-- Work required --
Give back the data below word for word. Any image in it should be left out.

Excerpts from a dataset:
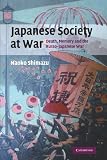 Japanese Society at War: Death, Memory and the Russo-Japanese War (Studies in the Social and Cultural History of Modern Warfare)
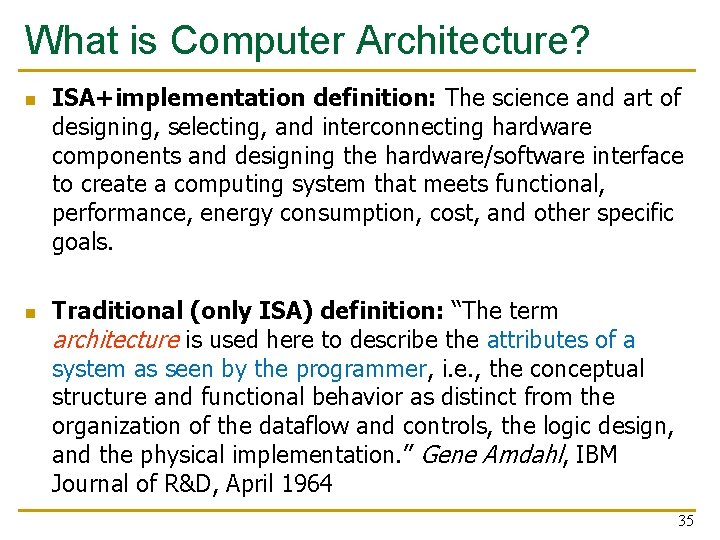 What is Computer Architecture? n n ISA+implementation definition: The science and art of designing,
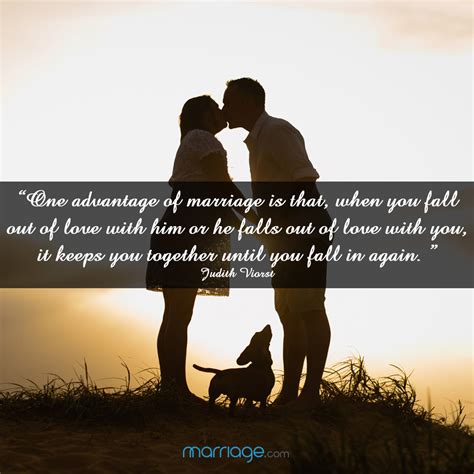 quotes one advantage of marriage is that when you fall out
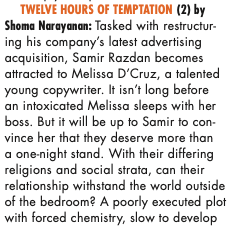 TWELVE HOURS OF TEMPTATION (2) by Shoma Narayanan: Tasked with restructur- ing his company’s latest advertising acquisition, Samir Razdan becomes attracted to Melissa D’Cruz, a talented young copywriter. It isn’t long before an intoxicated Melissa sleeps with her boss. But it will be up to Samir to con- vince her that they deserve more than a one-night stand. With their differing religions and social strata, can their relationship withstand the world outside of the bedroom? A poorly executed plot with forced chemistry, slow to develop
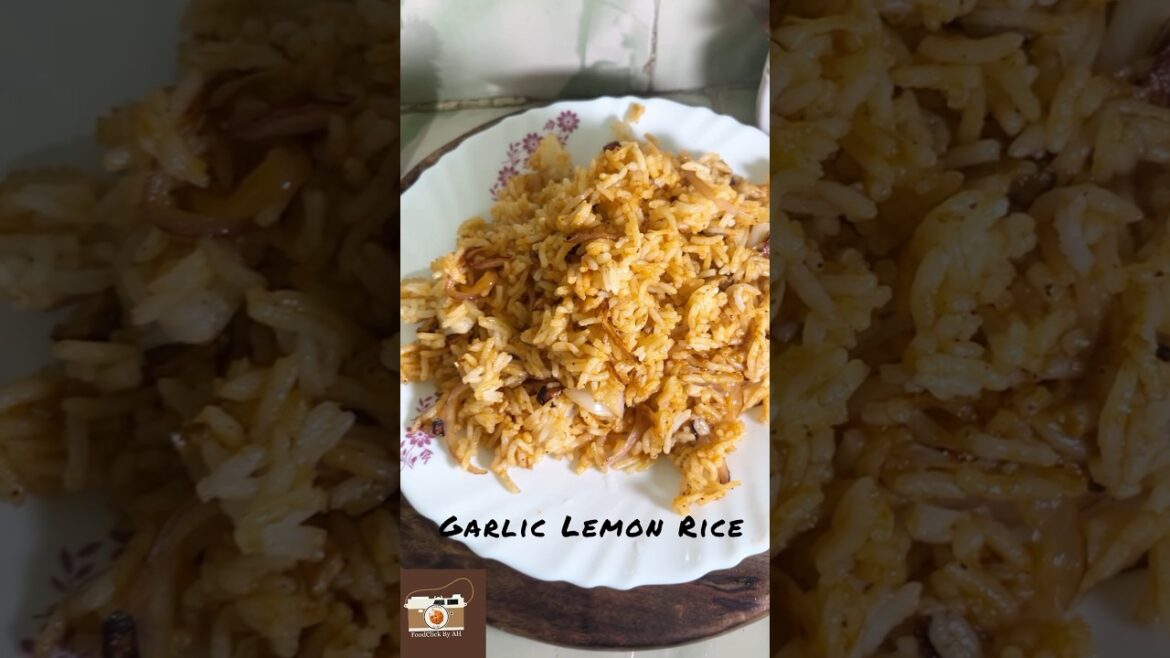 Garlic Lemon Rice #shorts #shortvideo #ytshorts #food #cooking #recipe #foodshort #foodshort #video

-- Your solution --
 Japanese Society at War: Death, Memory and the Russo-Japanese War (Studies in the Social and Cultural History of Modern Warfare)
 What is Computer Architecture? n n ISA+implementation definition: The science and art of designing,
 quotes one advantage of marriage is that when you fall out
 TWELVE HOURS OF TEMPTATION (2) by Shoma Narayanan: Tasked with restructur- ing his company’s latest advertising acquisition, Samir Razdan becomes attracted to Melissa D’Cruz, a talented young copywriter. It isn’t long before an intoxicated Melissa sleeps with her boss. But it will be up to Samir to con- vince her that they deserve more than a one-night stand. With their differing religions and social strata, can their relationship withstand the world outside of the bedroom? A poorly executed plot with forced chemistry, slow to develop
 Garlic Lemon Rice #shorts #shortvideo #ytshorts #food #cooking #recipe #foodshort #foodshort #video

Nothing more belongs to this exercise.